好大的一声响,隔壁的卫子琛等人都注意到了开门出来看。
看见一脸呆滞的段霓笙坐在弈欢房门口就跟丢了魂似的,卫子琛他们好似懂了是怎么一回事。
段霓笙一直单方面对弈欢死缠烂打他们都是知道的,看她这样子应该是表露心意被拒绝了然后伤心的瘫坐在地上。
“我说你何必呢?喜欢一个要成为大爱修者的人,不如喜欢我?我又帅又会疼人,肯定比他对你好!”
师彦瑜摇着扇子走到了她面前蹲下,用扇子轻轻点了一下她的脸。
其实段霓笙生的很美,只不过她性格太难驾驭,跟个辣椒似的,不过性感妩媚的看过了,偶尔吃点湘菜也不错啊!

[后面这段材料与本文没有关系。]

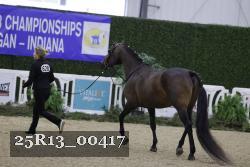 25R13_00417 thumbnail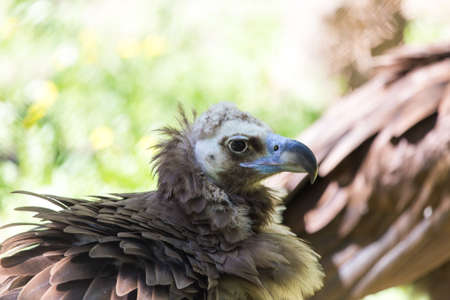 bird hawk nature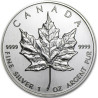 Strieborná minca Maple Leaf 1994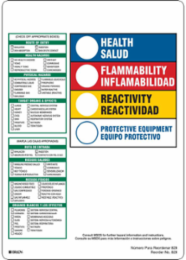 HEALTH/SALUD, FLAMMABILITY/INFLAMABILIDAD, REACTIVITY/REACTIVIDAD, PROTECTIVE EQUIPMENT/EQUIPO PROTECTIVO…, 10" H x 7" W, Black/Green/Red/Yellow on White, Pack of 100 Labels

这样想着,师彦瑜伸出手想摸摸她的脸,卫子琛站在房门神秘的笑了笑,等会可有他好吃的了。
结果不出他所料,师彦瑜的手还没碰到段霓笙,便被她一手抓住手腕将他翻过来,反应及其的快。
卫子琛看着嗷嗷喊痛的师彦瑜,一副果然不出我所料的笑笑,想趁着段霓笙发呆揩油?依他看来师彦瑜简直就是在痴人说梦。
“你干嘛,想占我便宜啊?”
师彦瑜疼的汗都出来了,直喊冤枉:“我冤枉啊,我就是来安慰安慰你!”
“哼!我又没干嘛,安慰我什么!”
段霓笙松开了手,师彦瑜立刻跳离她两米远揉着他差点被她扭脱臼的手腕。
这小小女子真是太彪悍了,他就不该有吃湘菜的想法,下次真是打死他都不会去安慰她了!
“啊?外面怎么了?好像听到了师风流的叫声。”
江浣怜才在沈轻徽房里坐了会,就听到外面的叫喊声,说着自己就要起身出去看看。
沈轻徽握住了她的手腕,语气温和的说道:“不是要知道昨晚的事情吗?”
“嗯…是这样说没错,但是……”但是她也很好奇外面发生了什么啊!
沈轻徽知道她的性子,怕是出了门以后,她便不敢在他们的眼底下跟他到房间里来了,看她方才鬼鬼祟祟的敲门进来那样就知道了。
江浣怜看着他那表情,好似是出了门你就别回来一样。
没法子,她只能在两个好奇中选了更好奇的那一方,转身回到凳子上坐下。
“那好吧,你告诉我昨晚到底发生了什么事…”
沈轻徽轻笑一声,起身走到她面前蹲下,“我以前怎么没发现,怜儿竟然有叫美人的爱好呢?”
!!!
我天!他怎么知道!
看穿了她的小表情,沈轻徽伸手捏了捏她的脸,站起身开始向她解释起来。
“前两天我们刚到金陵时,我发现周围的妇人脸上总带着恐惧和担忧,然后又听见有人说最近愫香楼来了个头牌,便心生疑惑。”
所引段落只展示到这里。